Skifahren war einfach wichtig. Auch zur Fortbewegung. Während die anderen Kinder morgens mit dem Bus oder von der Mama in die Schule gefahren wurden, bin ich ab der ersten Klasse mit den Ski gekommen. Das war damals total normal. Man ist halt in der Früh raus mit dem Skianzug. Den Schulranzen hat der Papa auf dem Ski-Doo über den Fahrweg transportiert, während wir über die oft unpräparierten Pisten gefahren sind. Wir waren immer in einer kleinen Gruppe unterwegs. Anfangs mit einer Freundin aus einer benachbarten Hütte, später kam noch mein Bruder dazu. Ich habe mit dem Weg nie ein Problem gehabt, auch wenn es Tage gab, an denen das wirklich keinen Spaß mehr gemacht hat. Denn manchmal hat es so viel geschneit, dass ein kleines Schulkind komplett bis obenhin im Schnee versinken konnte.
Um zur Schule zu kommen, mussten wir erst ein Stück mit dem Lift rauf und dann über einen steilen Hang zu einem Flachstück runter. Da brauchte man relativ viel Schwung, um weiterzukommen. Doch da war eines Tages so viel Schnee, dass nichts mehr ging. Wir haben uns dann entschieden, einen anderen Weg rauszuwandern. Blöd war nur, dass der Papa mit dem Ski-Doo über den anderen Weg gefahren ist. Da bist du dann endlos gestapft, während die anderen alle schon im Warmen saßen. Irgendwann war dir dann auch egal, ob du pünktlich um 8 Uhr in der Schule ankommst. Da hast du wirklich andere Sorgen. Am Ende ist dann aber immer alles gut gegangen und wir sind heil vom Berg runtergekommen.
Dadurch ist man halt sehr schnell selbstständig geworden. Und ich habe Intuition gelernt, die mir später sicher oft bei meinem Sport geholfen hat. Du musstest bei der Abfahrt ja selbst entscheiden, wie du da am besten runterkommst. Da geht es auch um die Wahl der richtigen Linie.
Unten angekommen hat uns der Papa dann mit dem Auto in die Schule gefahren. Wir müssen in der Pause anfangs ziemlich deppert ausgesehen haben, denn wir hatten lange noch keine Ersatzschuhe in der Schule deponiert. Auf dem Pausenhof sind wir dann immer zwischen den anderen Kindern in unseren Skischuhen umeinandergelatscht.

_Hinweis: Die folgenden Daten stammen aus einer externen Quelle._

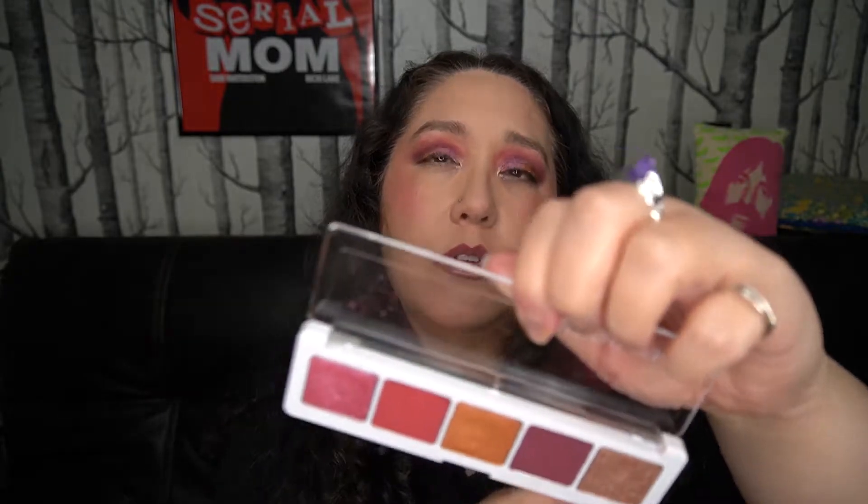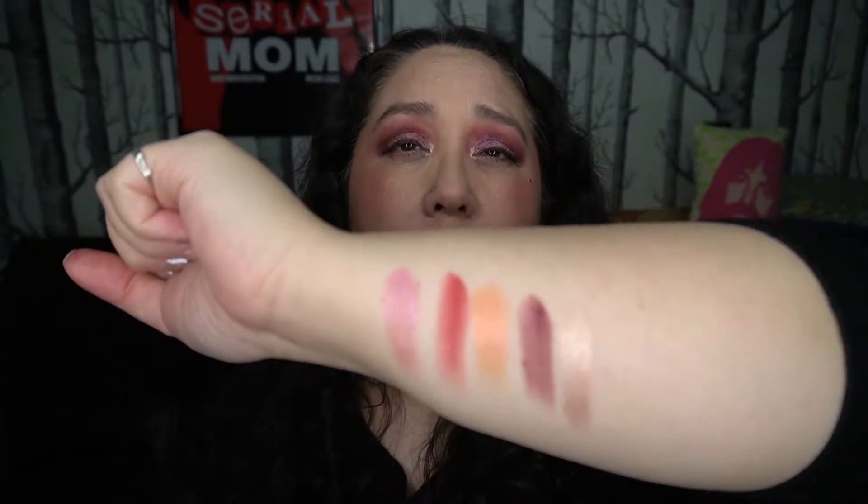I'm going to show you what I did, but first let me get to some swatches. I'm going to go ahead and swatch this one. I don't know how the color names go, but the color names go Daisy, Sakura, Botanic, Blossom, and Nude — so I think. I think that this is Daisy, Sakura, this is obviously Botanic, Blossom, and then Nude, I think. So there they are.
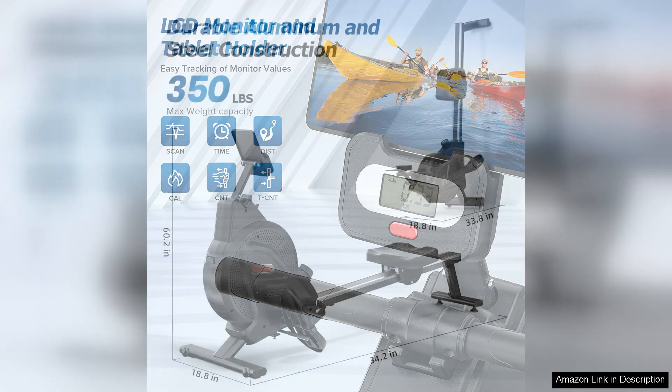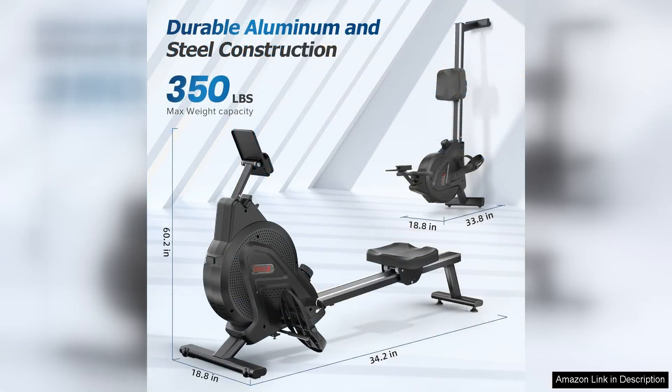Overall, the rowing machine with a 350 lbs weight capacity is a top-notch piece of equipment for anyone serious about their fitness goals. Professional grade construction, impressive weight capacity, and smooth rowing motion make it a standout choice for home use. Say goodbye to expensive gym memberships and crowded workout spaces — with this rowing machine you can enjoy a challenging and effective workout whenever it suits you.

Während der Hinweg über die Piste aber meistens noch lustig war, war der Rückweg oft eine einzige Qual. Weil da kein Bus fuhr und uns der Papa wegen des Hüttenbetriebs nicht holen konnte, mussten wir im Winter oft in den Skischuhen und mit Schulranzen von der Schule zum Lift laufen. Das waren rund zweieinhalb Kilometer über eine lang gezogene Teerstraße. Irgendwann kanntest du jeden Strauch persönlich. Den Lift hast du schon in der Ferne gesehen, aber um da hinzukommen, musstest du gehen und gehen und gehen. Da war man oft mehr als eine halbe Stunde unterwegs. Manchmal verging einem da ganz mächtig die Laune. Aber es gab halt keine Alternative. So was prägt einen auch gewaltig. Und die schlechte Stimmung hielt nie lange an. Im Laufe der Jahre wurden wir immer mehr Kinder, die den gleichen Weg hatten. Und ich hatte meine Gruppe Mädels. Wir haben aufeinander gewartet und uns gegenseitig angespornt. Wenn wir angekommen waren, haben wir die Ski angezogen und das alles hat nichts mehr ausgemacht. Endlich im Lift haben wir wieder geratscht und es wichtig gehabt, wie die kleinen Weiber halt so sind.
Mit dem sportlichen Skifahren hat das, was wir als Kinder so gemacht haben, nicht viel zu tun gehabt. Damit ging es erst los, als ich in den SC Lenggries eingetreten und meine ersten Rennen gefahren bin.